== About this exercise ==
In the listing below, start your output at the line with "Комплектующие, тормозные колодки" and end it after the line with "Textured Oatmeal Shallow", copying every line exactly.
Data extracts section start
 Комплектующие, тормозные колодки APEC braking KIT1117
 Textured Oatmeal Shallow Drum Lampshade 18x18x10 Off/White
Data extracts section end
Data extracts section start
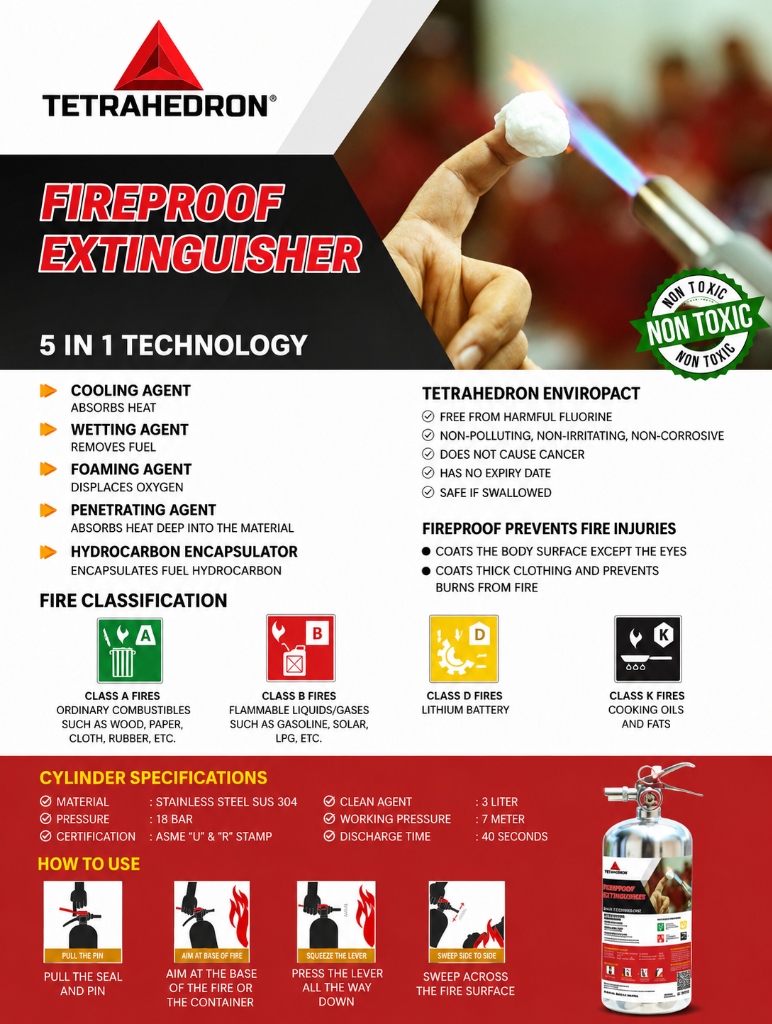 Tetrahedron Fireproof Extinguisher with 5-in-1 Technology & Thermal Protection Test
Data extracts section end
== Task answer ==
 Комплектующие, тормозные колодки APEC braking KIT1117
 Textured Oatmeal Shallow Drum Lampshade 18x18x10 Off/White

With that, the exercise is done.